Dans ce deuxième roman, Imraät al-rissala, la jeune
écrivaine palestinienne de Haïfa,
Rajaa Bakriya, adopte un
ton intimiste pour décrire un amour dont le devenir reste
déterminé par le contexte politique. Un choix de l’Hebdo à
l’occasion de la Journée de la femme.
La
femme de la lettre
Deuxième chapitre
-1-
Une semaine passa sans nouvelles de toi. Que signifiaient
alors tous ces mots ? N’étaient-ils qu’un produit de mon
imagination ? Au soir du septième jour, ton visage m’apparut
au journal télévisé, entouré d’étrangers ; tu ne m’avais pas
dit que tu avais des amis proches parmi les hommes de la
sûreté générale.
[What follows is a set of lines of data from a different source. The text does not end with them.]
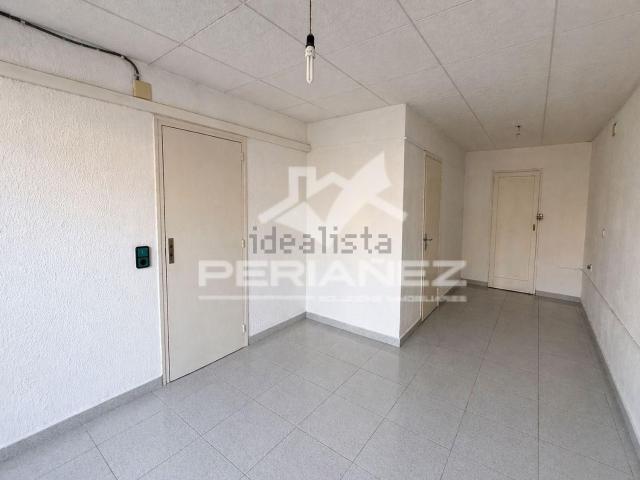 Local, El Prat de Llobregat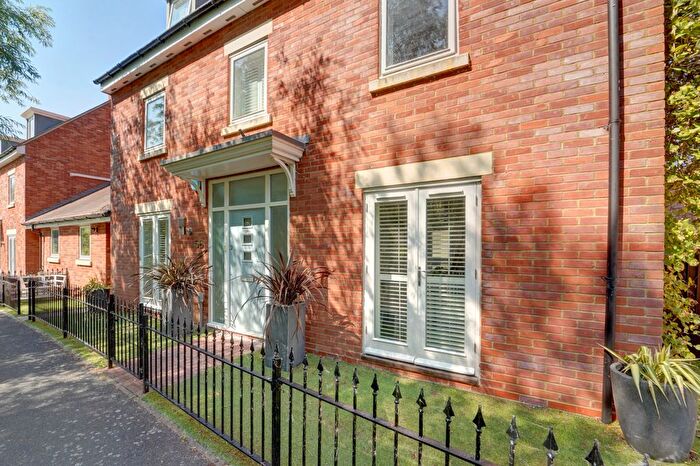 5 Bedroom Detached House For Sale In Wagstaff Way, Olney, MK46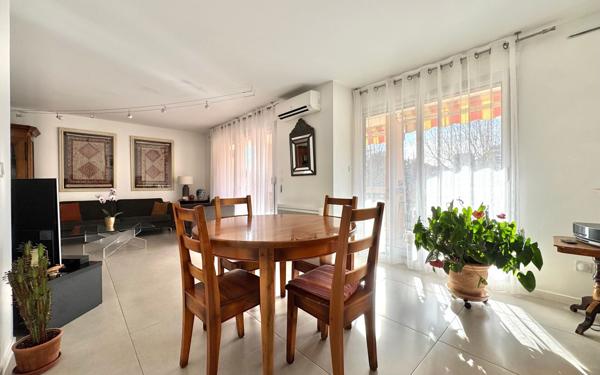 Appartement à vendre    4 pièces • 102,64 m2 Marseille 9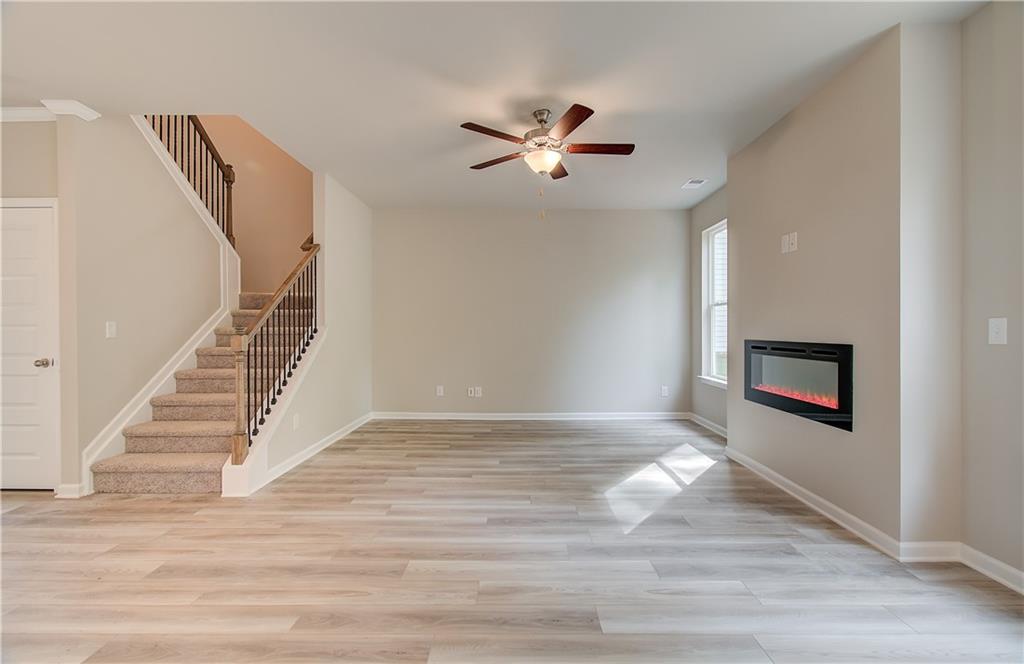 1152 Bodega Loop Property Photo 8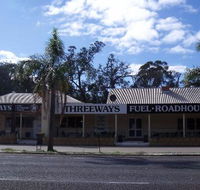 Threeways Roadhouse  Tavern - Book Restaurant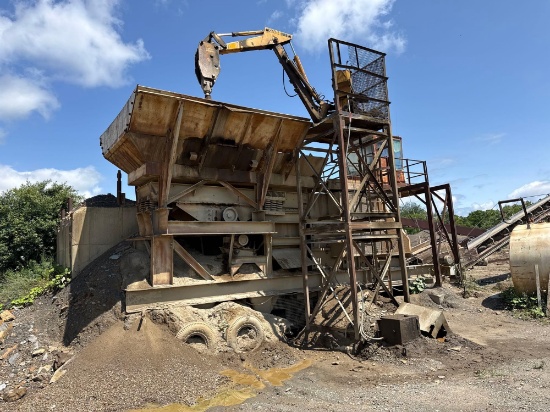 CEDAR RAPIDS 3042 JAW CRUSHER electric powered, 160hp, equipped with feed hopper w/ simplicity 44...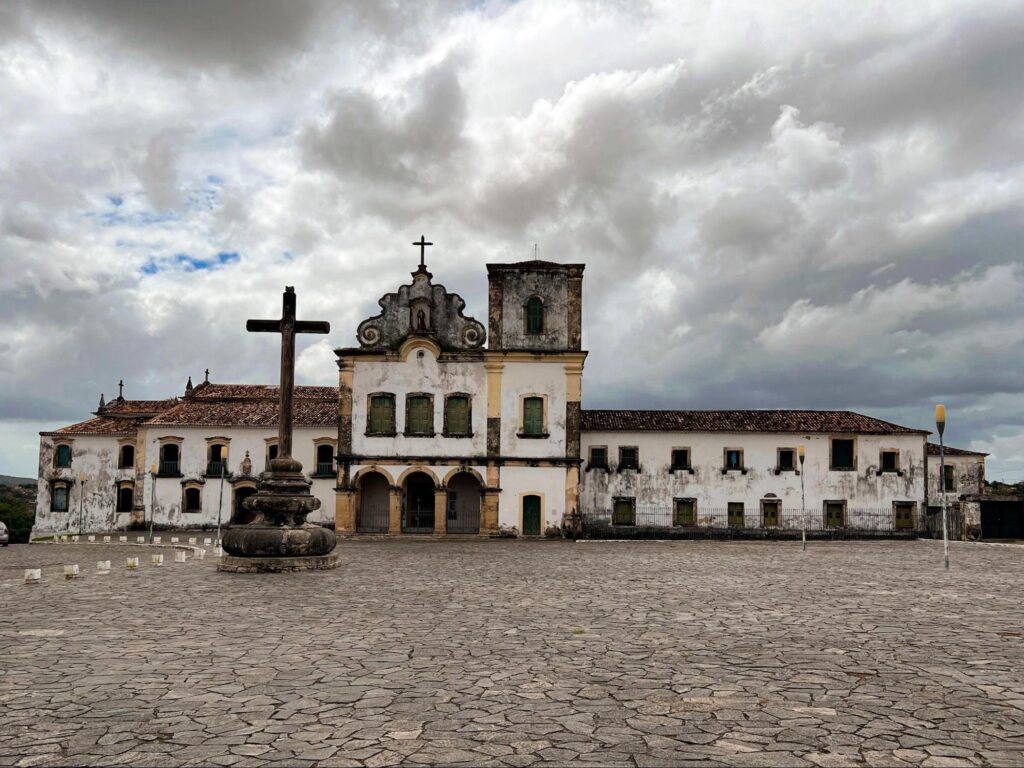 A cerca de 25km da capital sergipana Aracaju, a cidade de São Cristóvão é comumente conhecida por ter a melhor queijadinha do mundo!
Je m’imaginais sans doute, une joie
inattendue me caressant le visage, qu’ils étaient sur le
point de te décerner le prix du bon citoyen, pour avoir
sauvé le bus du sac de dynamite que toutes les ondes
venaient de découvrir à l’instant même. Mais une évocation
rapide de la journée précédente me remit sur la juste voie.
C’est sans beaucoup de difficulté, mais avec un violent
serrement de cœur, que je compris que c’était pour te
décerner un prix d’un genre nouveau qu’ils diffusaient ton
visage sur les chaînes satellites et locales.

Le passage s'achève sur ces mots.